(Data provided)

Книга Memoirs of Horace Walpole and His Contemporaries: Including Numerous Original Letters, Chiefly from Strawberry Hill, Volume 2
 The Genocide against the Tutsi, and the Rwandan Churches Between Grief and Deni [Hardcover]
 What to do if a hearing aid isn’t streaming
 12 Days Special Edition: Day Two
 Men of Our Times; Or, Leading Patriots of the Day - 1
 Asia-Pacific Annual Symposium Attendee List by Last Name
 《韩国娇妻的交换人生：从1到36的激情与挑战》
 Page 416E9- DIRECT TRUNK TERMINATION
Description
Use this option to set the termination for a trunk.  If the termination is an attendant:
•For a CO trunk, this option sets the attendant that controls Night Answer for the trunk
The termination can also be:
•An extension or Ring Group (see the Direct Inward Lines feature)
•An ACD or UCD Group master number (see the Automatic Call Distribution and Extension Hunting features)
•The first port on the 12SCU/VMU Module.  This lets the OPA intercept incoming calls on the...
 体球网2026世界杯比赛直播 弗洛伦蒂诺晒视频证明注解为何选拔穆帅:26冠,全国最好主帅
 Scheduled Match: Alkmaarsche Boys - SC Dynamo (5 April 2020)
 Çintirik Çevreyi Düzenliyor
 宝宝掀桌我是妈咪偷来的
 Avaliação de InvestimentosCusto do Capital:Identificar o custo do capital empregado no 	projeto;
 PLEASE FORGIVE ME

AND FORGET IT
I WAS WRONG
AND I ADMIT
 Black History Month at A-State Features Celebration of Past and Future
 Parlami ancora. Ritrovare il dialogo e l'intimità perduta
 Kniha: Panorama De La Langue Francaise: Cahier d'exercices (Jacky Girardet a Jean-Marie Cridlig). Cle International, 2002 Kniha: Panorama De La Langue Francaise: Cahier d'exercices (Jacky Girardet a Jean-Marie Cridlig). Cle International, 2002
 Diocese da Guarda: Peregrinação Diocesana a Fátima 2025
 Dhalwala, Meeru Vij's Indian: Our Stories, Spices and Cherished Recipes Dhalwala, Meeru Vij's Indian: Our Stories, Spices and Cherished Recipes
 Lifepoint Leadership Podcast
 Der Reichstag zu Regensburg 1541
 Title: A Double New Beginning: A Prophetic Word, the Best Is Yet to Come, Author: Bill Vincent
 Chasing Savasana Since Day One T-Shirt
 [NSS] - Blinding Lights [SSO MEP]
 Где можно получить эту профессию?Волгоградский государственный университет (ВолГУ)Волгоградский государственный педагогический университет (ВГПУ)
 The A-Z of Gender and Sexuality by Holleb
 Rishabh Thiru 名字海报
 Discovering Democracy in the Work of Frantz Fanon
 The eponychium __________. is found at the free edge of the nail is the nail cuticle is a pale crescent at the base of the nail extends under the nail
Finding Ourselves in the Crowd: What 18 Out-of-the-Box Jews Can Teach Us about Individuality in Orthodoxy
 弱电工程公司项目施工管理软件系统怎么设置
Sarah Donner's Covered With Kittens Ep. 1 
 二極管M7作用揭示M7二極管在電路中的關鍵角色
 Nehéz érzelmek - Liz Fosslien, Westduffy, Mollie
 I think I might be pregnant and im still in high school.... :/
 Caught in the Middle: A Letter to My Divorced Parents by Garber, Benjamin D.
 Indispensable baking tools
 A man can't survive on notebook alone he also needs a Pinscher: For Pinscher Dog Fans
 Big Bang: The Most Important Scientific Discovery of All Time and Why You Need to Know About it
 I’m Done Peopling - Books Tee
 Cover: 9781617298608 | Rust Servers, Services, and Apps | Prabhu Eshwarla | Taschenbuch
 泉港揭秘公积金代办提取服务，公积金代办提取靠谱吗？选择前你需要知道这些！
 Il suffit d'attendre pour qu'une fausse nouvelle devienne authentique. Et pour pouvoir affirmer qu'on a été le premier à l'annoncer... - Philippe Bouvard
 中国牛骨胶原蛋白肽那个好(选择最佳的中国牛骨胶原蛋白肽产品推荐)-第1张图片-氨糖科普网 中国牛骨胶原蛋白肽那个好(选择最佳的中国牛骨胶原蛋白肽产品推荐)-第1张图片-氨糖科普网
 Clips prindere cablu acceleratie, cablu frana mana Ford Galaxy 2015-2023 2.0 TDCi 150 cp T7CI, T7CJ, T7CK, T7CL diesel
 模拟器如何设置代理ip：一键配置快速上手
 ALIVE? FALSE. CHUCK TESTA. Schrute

(End Data provided)

Return what is listed above, exactly and completely.

§ Reply to the exercise
Книга Memoirs of Horace Walpole and His Contemporaries: Including Numerous Original Letters, Chiefly from Strawberry Hill, Volume 2
 The Genocide against the Tutsi, and the Rwandan Churches Between Grief and Deni [Hardcover]
 What to do if a hearing aid isn’t streaming
 12 Days Special Edition: Day Two
 Men of Our Times; Or, Leading Patriots of the Day - 1
 Asia-Pacific Annual Symposium Attendee List by Last Name
 《韩国娇妻的交换人生：从1到36的激情与挑战》
 Page 416E9- DIRECT TRUNK TERMINATION
Description
Use this option to set the termination for a trunk.  If the termination is an attendant:
•For a CO trunk, this option sets the attendant that controls Night Answer for the trunk
The termination can also be:
•An extension or Ring Group (see the Direct Inward Lines feature)
•An ACD or UCD Group master number (see the Automatic Call Distribution and Extension Hunting features)
•The first port on the 12SCU/VMU Module.  This lets the OPA intercept incoming calls on the...
 体球网2026世界杯比赛直播 弗洛伦蒂诺晒视频证明注解为何选拔穆帅:26冠,全国最好主帅
 Scheduled Match: Alkmaarsche Boys - SC Dynamo (5 April 2020)
 Çintirik Çevreyi Düzenliyor
 宝宝掀桌我是妈咪偷来的
 Avaliação de InvestimentosCusto do Capital:Identificar o custo do capital empregado no 	projeto;
 PLEASE FORGIVE ME

AND FORGET IT
I WAS WRONG
AND I ADMIT
 Black History Month at A-State Features Celebration of Past and Future
 Parlami ancora. Ritrovare il dialogo e l'intimità perduta
 Kniha: Panorama De La Langue Francaise: Cahier d'exercices (Jacky Girardet a Jean-Marie Cridlig). Cle International, 2002 Kniha: Panorama De La Langue Francaise: Cahier d'exercices (Jacky Girardet a Jean-Marie Cridlig). Cle International, 2002
 Diocese da Guarda: Peregrinação Diocesana a Fátima 2025
 Dhalwala, Meeru Vij's Indian: Our Stories, Spices and Cherished Recipes Dhalwala, Meeru Vij's Indian: Our Stories, Spices and Cherished Recipes
 Lifepoint Leadership Podcast
 Der Reichstag zu Regensburg 1541
 Title: A Double New Beginning: A Prophetic Word, the Best Is Yet to Come, Author: Bill Vincent
 Chasing Savasana Since Day One T-Shirt
 [NSS] - Blinding Lights [SSO MEP]
 Где можно получить эту профессию?Волгоградский государственный университет (ВолГУ)Волгоградский государственный педагогический университет (ВГПУ)
 The A-Z of Gender and Sexuality by Holleb
 Rishabh Thiru 名字海报
 Discovering Democracy in the Work of Frantz Fanon
 The eponychium __________. is found at the free edge of the nail is the nail cuticle is a pale crescent at the base of the nail extends under the nail
Finding Ourselves in the Crowd: What 18 Out-of-the-Box Jews Can Teach Us about Individuality in Orthodoxy
 弱电工程公司项目施工管理软件系统怎么设置
Sarah Donner's Covered With Kittens Ep. 1 
 二極管M7作用揭示M7二極管在電路中的關鍵角色
 Nehéz érzelmek - Liz Fosslien, Westduffy, Mollie
 I think I might be pregnant and im still in high school.... :/
 Caught in the Middle: A Letter to My Divorced Parents by Garber, Benjamin D.
 Indispensable baking tools
 A man can't survive on notebook alone he also needs a Pinscher: For Pinscher Dog Fans
 Big Bang: The Most Important Scientific Discovery of All Time and Why You Need to Know About it
 I’m Done Peopling - Books Tee
 Cover: 9781617298608 | Rust Servers, Services, and Apps | Prabhu Eshwarla | Taschenbuch
 泉港揭秘公积金代办提取服务，公积金代办提取靠谱吗？选择前你需要知道这些！
 Il suffit d'attendre pour qu'une fausse nouvelle devienne authentique. Et pour pouvoir affirmer qu'on a été le premier à l'annoncer... - Philippe Bouvard
 中国牛骨胶原蛋白肽那个好(选择最佳的中国牛骨胶原蛋白肽产品推荐)-第1张图片-氨糖科普网 中国牛骨胶原蛋白肽那个好(选择最佳的中国牛骨胶原蛋白肽产品推荐)-第1张图片-氨糖科普网
 Clips prindere cablu acceleratie, cablu frana mana Ford Galaxy 2015-2023 2.0 TDCi 150 cp T7CI, T7CJ, T7CK, T7CL diesel
 模拟器如何设置代理ip：一键配置快速上手
 ALIVE? FALSE. CHUCK TESTA. Schrute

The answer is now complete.